With more than half a million in Britain suffering with back
strain, employers will welcome a new survey, which recommends ways of reducing
the problem among staff in the future. By
Last month’s European Week for Safety and Health (16-22
October) focused on musculoskeletal problems. With 642,000 people in Great
Britain alone believing that they are suffering from a musculoskeletal problem
affecting their back caused by work, the scale of the problem certainly
justifies the attention.
In Britain itself, a wide range of organisations and
companies organised special events around the week. One of the most important
was a survey of 1,500 small firms conducted jointly by the TUC, the Forum of
Private Business, and BackCare.
The report suggests that back strain is more common in small
firms than in larger workplaces. Seven out of 10 companies employing less than
20 people reported back injuries, while only 57 per cent of the owners of firms
with between 20-99 employees did.
Other key findings include the fact that nearly
three-quarters of employees with back problems lift items regularly as part of
their job, more than two-thirds work in jobs that require long periods of
standing and almost two-thirds have to bend frequently.
Of the 22 days a year that the average small firm loses to
back strain, 14 days are taken by male workers, and only eight by female
workers. Employees with back problems are more likely to consult a
complementary therapist than their GP the survey found, with 70 per cent
visiting the former as compared with just 60 per cent visiting the latter.
The report found that more than two-thirds of the small
businesses surveyed had carried out risk assessments for the jobs than they
suspect cause back strain and 40 per cent had made changes to the way jobs were
carried out as a result. Not only was there no increase in back strain in these
companies, in over two-fifths of them fewer cases were reported.

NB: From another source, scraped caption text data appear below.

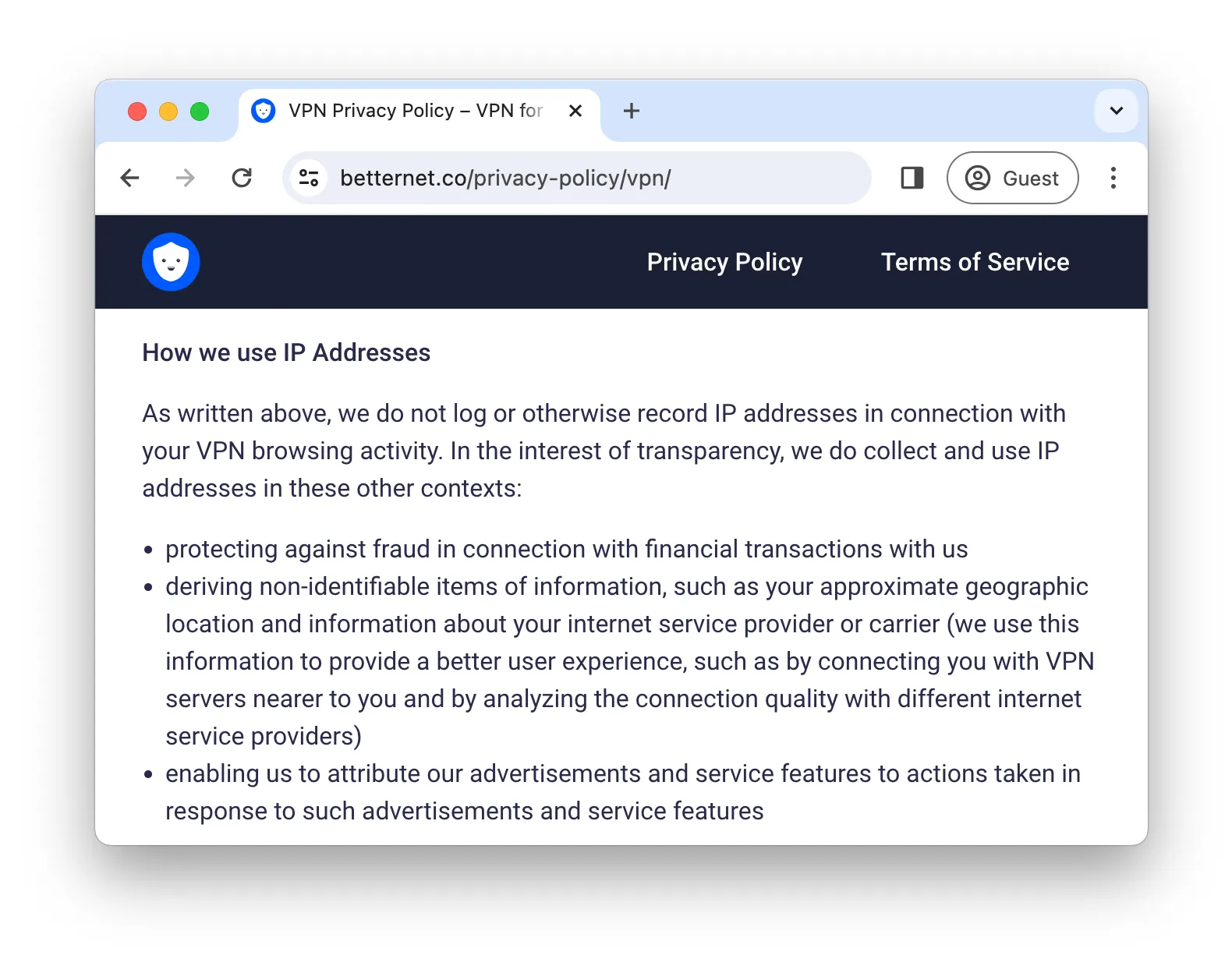 Betternet's full privacy policy Betternet's full privacy policy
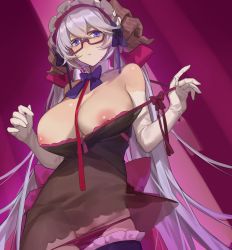 Rule 34 | 1girl, ark order, blue eyes, bow, breasts, collar, commentary request, elbow gloves, gloves, highres, large breasts, long hair, maid, maid headdress, nightgown, nipples, panties, panty pull, parted lips, purple-framed eyewear, purple background, purple bow, red cucumber, see-through, silver hair, solo, underwear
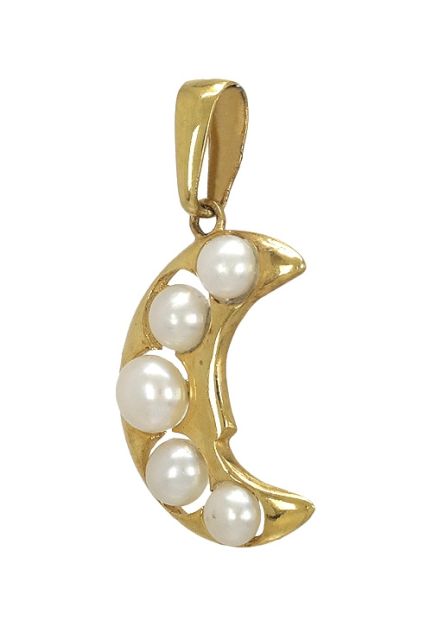 colgante oro 18 ktes y perlas cultivadas que representa una media luna vista lateral 100_2261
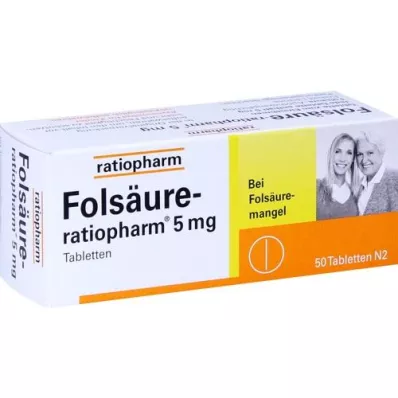 FOLSÄURE-RATIOPHARM 5 mg tabletit, 50 kpl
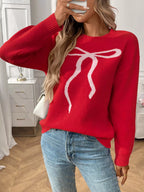 Bow Round Neck Long Sleeve Sweater (3)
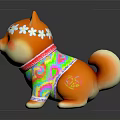 Orange Shiba Inu Puppy Toy With White Flower Crown And Colorful Outfit On Shiny Surface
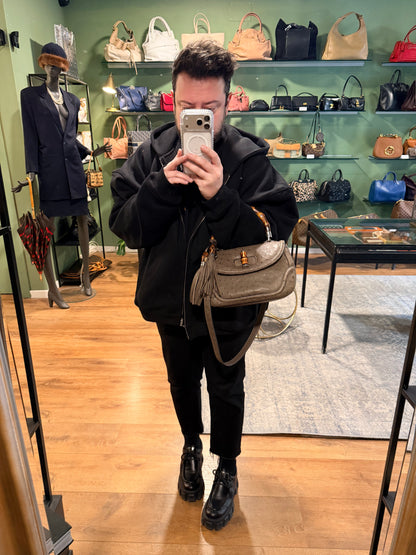 GUCCI GREEN OSTRICH MEDIUM BAMBOO TOP HANDLE BAG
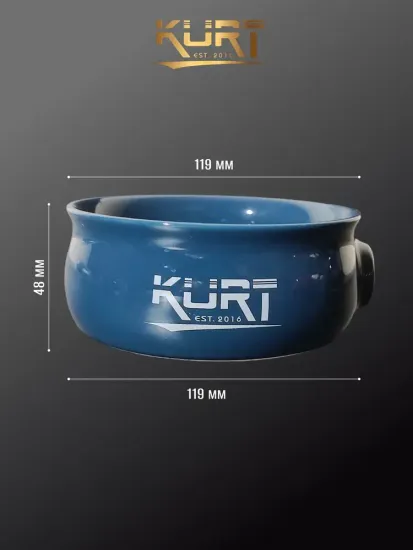 Керамическая чаша для взбивания пены KURT, плоская без ручки, синяя, K_40055/Blue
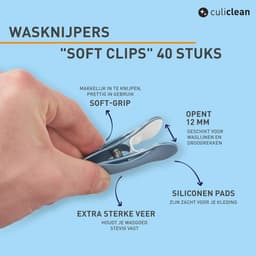 Zachte Wasknijpers - 40 Stuks in Classic Groen-Wit | Duurzame en Veilig Ophang Clips — thumbnail 2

The report contains a series of recommendations (see box) to
tackle the problem of musculoskeletal disorders among the employees of small
– Back Strain in UK Small Businesses is available priced
£10 from the Forum of Private Business
Helping small firms to take the strain
1. Schools, business organisations and trade unions need to
work harder to educate small business owners and employees on what causes back
strain and how it can be prevented
2. Incentives to action such as tax breaks or reduced
Insurance Contributions should be available to employers who
have undertaken back strain risk assessments
3. Small businesses should pay less tax on all equipment
that reduces back pain through tax deductible provision and VAT zero-rating
4. People working for small firms should be given greater
access to physiotherapists, chiropractors and osteopaths, GPs should be more
willing to refer back pain sufferers to these specialists, and the cost of such
treatment should be available on the NHS. The cost to employers of any
treatment for back strain should be tax deductible.